[WHAT NEEDS TO BE DONE]: Give the records once more, exactly as they stand.

***** INPUT RECORDS *****

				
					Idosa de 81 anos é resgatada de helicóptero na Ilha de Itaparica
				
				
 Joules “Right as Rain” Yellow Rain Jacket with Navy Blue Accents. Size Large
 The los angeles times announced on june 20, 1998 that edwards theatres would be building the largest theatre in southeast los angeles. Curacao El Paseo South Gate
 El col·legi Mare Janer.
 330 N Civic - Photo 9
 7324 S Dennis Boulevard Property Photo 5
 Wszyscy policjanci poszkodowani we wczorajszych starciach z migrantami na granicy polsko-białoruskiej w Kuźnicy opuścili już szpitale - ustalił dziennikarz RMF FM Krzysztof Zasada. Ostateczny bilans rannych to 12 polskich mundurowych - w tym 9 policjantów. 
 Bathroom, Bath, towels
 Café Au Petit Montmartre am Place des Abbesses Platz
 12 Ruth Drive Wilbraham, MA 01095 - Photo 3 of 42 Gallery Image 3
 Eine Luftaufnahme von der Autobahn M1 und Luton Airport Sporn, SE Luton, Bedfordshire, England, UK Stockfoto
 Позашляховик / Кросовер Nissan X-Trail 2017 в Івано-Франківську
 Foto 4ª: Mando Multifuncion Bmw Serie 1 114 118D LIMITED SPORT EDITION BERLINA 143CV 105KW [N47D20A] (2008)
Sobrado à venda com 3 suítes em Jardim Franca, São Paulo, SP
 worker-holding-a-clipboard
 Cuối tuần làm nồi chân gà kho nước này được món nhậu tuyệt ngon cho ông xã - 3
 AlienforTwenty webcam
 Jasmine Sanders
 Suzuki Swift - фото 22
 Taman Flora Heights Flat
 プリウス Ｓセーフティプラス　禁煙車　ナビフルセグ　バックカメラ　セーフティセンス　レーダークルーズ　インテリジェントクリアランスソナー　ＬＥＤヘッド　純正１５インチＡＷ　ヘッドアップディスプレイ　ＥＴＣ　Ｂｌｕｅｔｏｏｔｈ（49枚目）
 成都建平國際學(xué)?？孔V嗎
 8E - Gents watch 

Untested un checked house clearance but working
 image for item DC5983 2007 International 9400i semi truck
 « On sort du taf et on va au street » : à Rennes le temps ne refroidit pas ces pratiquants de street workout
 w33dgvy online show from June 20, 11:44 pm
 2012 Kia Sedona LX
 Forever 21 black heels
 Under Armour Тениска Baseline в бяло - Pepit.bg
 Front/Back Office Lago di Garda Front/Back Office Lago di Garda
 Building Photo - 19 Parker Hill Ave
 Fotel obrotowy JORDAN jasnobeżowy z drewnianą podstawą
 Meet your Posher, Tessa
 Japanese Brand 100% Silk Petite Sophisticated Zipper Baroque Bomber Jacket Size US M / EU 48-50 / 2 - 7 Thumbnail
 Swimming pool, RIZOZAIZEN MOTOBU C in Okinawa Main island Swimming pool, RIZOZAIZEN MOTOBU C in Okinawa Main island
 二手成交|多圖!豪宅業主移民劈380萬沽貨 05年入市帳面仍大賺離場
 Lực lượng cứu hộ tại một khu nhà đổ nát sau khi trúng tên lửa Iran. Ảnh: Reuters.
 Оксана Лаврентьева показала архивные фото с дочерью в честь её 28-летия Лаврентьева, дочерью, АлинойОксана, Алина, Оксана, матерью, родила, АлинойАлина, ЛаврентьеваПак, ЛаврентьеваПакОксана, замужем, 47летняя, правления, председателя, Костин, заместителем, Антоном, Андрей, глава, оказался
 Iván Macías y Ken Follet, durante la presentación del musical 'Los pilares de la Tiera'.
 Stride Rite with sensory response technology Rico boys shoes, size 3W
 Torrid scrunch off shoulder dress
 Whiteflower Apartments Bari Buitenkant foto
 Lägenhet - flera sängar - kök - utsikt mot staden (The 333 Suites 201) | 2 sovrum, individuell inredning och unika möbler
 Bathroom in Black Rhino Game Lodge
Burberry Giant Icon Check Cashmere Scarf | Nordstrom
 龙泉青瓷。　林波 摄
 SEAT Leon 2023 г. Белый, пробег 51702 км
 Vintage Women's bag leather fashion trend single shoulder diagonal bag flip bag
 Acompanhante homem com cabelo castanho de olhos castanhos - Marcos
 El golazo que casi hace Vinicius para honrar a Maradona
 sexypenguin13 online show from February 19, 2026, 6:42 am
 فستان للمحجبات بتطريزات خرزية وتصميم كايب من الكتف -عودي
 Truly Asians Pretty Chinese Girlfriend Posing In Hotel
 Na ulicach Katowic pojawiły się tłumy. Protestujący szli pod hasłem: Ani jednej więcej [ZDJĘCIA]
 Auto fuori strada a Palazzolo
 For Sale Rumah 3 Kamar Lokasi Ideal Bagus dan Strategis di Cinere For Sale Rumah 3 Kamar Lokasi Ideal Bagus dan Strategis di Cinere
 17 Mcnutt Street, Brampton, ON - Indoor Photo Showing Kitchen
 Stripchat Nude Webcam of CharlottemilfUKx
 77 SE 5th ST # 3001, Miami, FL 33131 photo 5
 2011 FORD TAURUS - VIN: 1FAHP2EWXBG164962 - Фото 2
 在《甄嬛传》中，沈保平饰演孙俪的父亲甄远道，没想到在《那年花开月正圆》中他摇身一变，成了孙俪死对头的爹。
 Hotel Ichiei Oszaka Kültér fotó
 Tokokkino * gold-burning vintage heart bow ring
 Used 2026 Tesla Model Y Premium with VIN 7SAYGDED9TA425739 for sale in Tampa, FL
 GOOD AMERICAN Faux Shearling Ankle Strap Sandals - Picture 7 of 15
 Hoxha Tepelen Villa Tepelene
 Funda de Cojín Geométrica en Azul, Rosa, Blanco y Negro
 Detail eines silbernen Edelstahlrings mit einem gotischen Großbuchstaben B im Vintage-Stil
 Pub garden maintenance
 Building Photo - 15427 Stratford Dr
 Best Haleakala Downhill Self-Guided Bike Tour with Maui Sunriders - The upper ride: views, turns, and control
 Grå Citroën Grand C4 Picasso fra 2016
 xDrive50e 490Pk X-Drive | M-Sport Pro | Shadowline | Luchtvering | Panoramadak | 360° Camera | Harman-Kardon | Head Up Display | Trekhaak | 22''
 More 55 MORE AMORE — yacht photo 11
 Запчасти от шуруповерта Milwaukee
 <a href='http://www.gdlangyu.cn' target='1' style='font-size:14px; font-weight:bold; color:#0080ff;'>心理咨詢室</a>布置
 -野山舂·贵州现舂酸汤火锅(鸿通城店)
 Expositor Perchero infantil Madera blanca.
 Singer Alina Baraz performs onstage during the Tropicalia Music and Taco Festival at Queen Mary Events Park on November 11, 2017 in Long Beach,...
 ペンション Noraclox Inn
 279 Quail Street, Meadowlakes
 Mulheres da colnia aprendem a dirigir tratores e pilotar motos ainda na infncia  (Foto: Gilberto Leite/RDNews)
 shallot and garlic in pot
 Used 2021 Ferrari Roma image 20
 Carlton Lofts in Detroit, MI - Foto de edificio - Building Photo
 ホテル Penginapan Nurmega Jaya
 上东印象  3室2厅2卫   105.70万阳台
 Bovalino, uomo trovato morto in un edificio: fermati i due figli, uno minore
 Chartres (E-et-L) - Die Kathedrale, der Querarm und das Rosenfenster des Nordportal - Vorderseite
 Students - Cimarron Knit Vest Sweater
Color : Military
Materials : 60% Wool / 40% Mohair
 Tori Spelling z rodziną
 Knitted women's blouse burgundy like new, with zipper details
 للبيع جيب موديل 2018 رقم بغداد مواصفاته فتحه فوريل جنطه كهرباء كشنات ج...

*****

[RESULT OF THE EXERCISE]:
					Idosa de 81 anos é resgatada de helicóptero na Ilha de Itaparica
				
				
 Joules “Right as Rain” Yellow Rain Jacket with Navy Blue Accents. Size Large
 The los angeles times announced on june 20, 1998 that edwards theatres would be building the largest theatre in southeast los angeles. Curacao El Paseo South Gate
 El col·legi Mare Janer.
 330 N Civic - Photo 9
 7324 S Dennis Boulevard Property Photo 5
 Wszyscy policjanci poszkodowani we wczorajszych starciach z migrantami na granicy polsko-białoruskiej w Kuźnicy opuścili już szpitale - ustalił dziennikarz RMF FM Krzysztof Zasada. Ostateczny bilans rannych to 12 polskich mundurowych - w tym 9 policjantów. 
 Bathroom, Bath, towels
 Café Au Petit Montmartre am Place des Abbesses Platz
 12 Ruth Drive Wilbraham, MA 01095 - Photo 3 of 42 Gallery Image 3
 Eine Luftaufnahme von der Autobahn M1 und Luton Airport Sporn, SE Luton, Bedfordshire, England, UK Stockfoto
 Позашляховик / Кросовер Nissan X-Trail 2017 в Івано-Франківську
 Foto 4ª: Mando Multifuncion Bmw Serie 1 114 118D LIMITED SPORT EDITION BERLINA 143CV 105KW [N47D20A] (2008)
Sobrado à venda com 3 suítes em Jardim Franca, São Paulo, SP
 worker-holding-a-clipboard
 Cuối tuần làm nồi chân gà kho nước này được món nhậu tuyệt ngon cho ông xã - 3
 AlienforTwenty webcam
 Jasmine Sanders
 Suzuki Swift - фото 22
 Taman Flora Heights Flat
 プリウス Ｓセーフティプラス　禁煙車　ナビフルセグ　バックカメラ　セーフティセンス　レーダークルーズ　インテリジェントクリアランスソナー　ＬＥＤヘッド　純正１５インチＡＷ　ヘッドアップディスプレイ　ＥＴＣ　Ｂｌｕｅｔｏｏｔｈ（49枚目）
 成都建平國際學(xué)?？孔V嗎
 8E - Gents watch 

Untested un checked house clearance but working
 image for item DC5983 2007 International 9400i semi truck
 « On sort du taf et on va au street » : à Rennes le temps ne refroidit pas ces pratiquants de street workout
 w33dgvy online show from June 20, 11:44 pm
 2012 Kia Sedona LX
 Forever 21 black heels
 Under Armour Тениска Baseline в бяло - Pepit.bg
 Front/Back Office Lago di Garda Front/Back Office Lago di Garda
 Building Photo - 19 Parker Hill Ave
 Fotel obrotowy JORDAN jasnobeżowy z drewnianą podstawą
 Meet your Posher, Tessa
 Japanese Brand 100% Silk Petite Sophisticated Zipper Baroque Bomber Jacket Size US M / EU 48-50 / 2 - 7 Thumbnail
 Swimming pool, RIZOZAIZEN MOTOBU C in Okinawa Main island Swimming pool, RIZOZAIZEN MOTOBU C in Okinawa Main island
 二手成交|多圖!豪宅業主移民劈380萬沽貨 05年入市帳面仍大賺離場
 Lực lượng cứu hộ tại một khu nhà đổ nát sau khi trúng tên lửa Iran. Ảnh: Reuters.
 Оксана Лаврентьева показала архивные фото с дочерью в честь её 28-летия Лаврентьева, дочерью, АлинойОксана, Алина, Оксана, матерью, родила, АлинойАлина, ЛаврентьеваПак, ЛаврентьеваПакОксана, замужем, 47летняя, правления, председателя, Костин, заместителем, Антоном, Андрей, глава, оказался
 Iván Macías y Ken Follet, durante la presentación del musical 'Los pilares de la Tiera'.
 Stride Rite with sensory response technology Rico boys shoes, size 3W
 Torrid scrunch off shoulder dress
 Whiteflower Apartments Bari Buitenkant foto
 Lägenhet - flera sängar - kök - utsikt mot staden (The 333 Suites 201) | 2 sovrum, individuell inredning och unika möbler
 Bathroom in Black Rhino Game Lodge
Burberry Giant Icon Check Cashmere Scarf | Nordstrom
 龙泉青瓷。　林波 摄
 SEAT Leon 2023 г. Белый, пробег 51702 км
 Vintage Women's bag leather fashion trend single shoulder diagonal bag flip bag
 Acompanhante homem com cabelo castanho de olhos castanhos - Marcos
 El golazo que casi hace Vinicius para honrar a Maradona
 sexypenguin13 online show from February 19, 2026, 6:42 am
 فستان للمحجبات بتطريزات خرزية وتصميم كايب من الكتف -عودي
 Truly Asians Pretty Chinese Girlfriend Posing In Hotel
 Na ulicach Katowic pojawiły się tłumy. Protestujący szli pod hasłem: Ani jednej więcej [ZDJĘCIA]
 Auto fuori strada a Palazzolo
 For Sale Rumah 3 Kamar Lokasi Ideal Bagus dan Strategis di Cinere For Sale Rumah 3 Kamar Lokasi Ideal Bagus dan Strategis di Cinere
 17 Mcnutt Street, Brampton, ON - Indoor Photo Showing Kitchen
 Stripchat Nude Webcam of CharlottemilfUKx
 77 SE 5th ST # 3001, Miami, FL 33131 photo 5
 2011 FORD TAURUS - VIN: 1FAHP2EWXBG164962 - Фото 2
 在《甄嬛传》中，沈保平饰演孙俪的父亲甄远道，没想到在《那年花开月正圆》中他摇身一变，成了孙俪死对头的爹。
 Hotel Ichiei Oszaka Kültér fotó
 Tokokkino * gold-burning vintage heart bow ring
 Used 2026 Tesla Model Y Premium with VIN 7SAYGDED9TA425739 for sale in Tampa, FL
 GOOD AMERICAN Faux Shearling Ankle Strap Sandals - Picture 7 of 15
 Hoxha Tepelen Villa Tepelene
 Funda de Cojín Geométrica en Azul, Rosa, Blanco y Negro
 Detail eines silbernen Edelstahlrings mit einem gotischen Großbuchstaben B im Vintage-Stil
 Pub garden maintenance
 Building Photo - 15427 Stratford Dr
 Best Haleakala Downhill Self-Guided Bike Tour with Maui Sunriders - The upper ride: views, turns, and control
 Grå Citroën Grand C4 Picasso fra 2016
 xDrive50e 490Pk X-Drive | M-Sport Pro | Shadowline | Luchtvering | Panoramadak | 360° Camera | Harman-Kardon | Head Up Display | Trekhaak | 22''
 More 55 MORE AMORE — yacht photo 11
 Запчасти от шуруповерта Milwaukee
 <a href='http://www.gdlangyu.cn' target='1' style='font-size:14px; font-weight:bold; color:#0080ff;'>心理咨詢室</a>布置
 -野山舂·贵州现舂酸汤火锅(鸿通城店)
 Expositor Perchero infantil Madera blanca.
 Singer Alina Baraz performs onstage during the Tropicalia Music and Taco Festival at Queen Mary Events Park on November 11, 2017 in Long Beach,...
 ペンション Noraclox Inn
 279 Quail Street, Meadowlakes
 Mulheres da colnia aprendem a dirigir tratores e pilotar motos ainda na infncia  (Foto: Gilberto Leite/RDNews)
 shallot and garlic in pot
 Used 2021 Ferrari Roma image 20
 Carlton Lofts in Detroit, MI - Foto de edificio - Building Photo
 ホテル Penginapan Nurmega Jaya
 上东印象  3室2厅2卫   105.70万阳台
 Bovalino, uomo trovato morto in un edificio: fermati i due figli, uno minore
 Chartres (E-et-L) - Die Kathedrale, der Querarm und das Rosenfenster des Nordportal - Vorderseite
 Students - Cimarron Knit Vest Sweater
Color : Military
Materials : 60% Wool / 40% Mohair
 Tori Spelling z rodziną
 Knitted women's blouse burgundy like new, with zipper details
 للبيع جيب موديل 2018 رقم بغداد مواصفاته فتحه فوريل جنطه كهرباء كشنات ج...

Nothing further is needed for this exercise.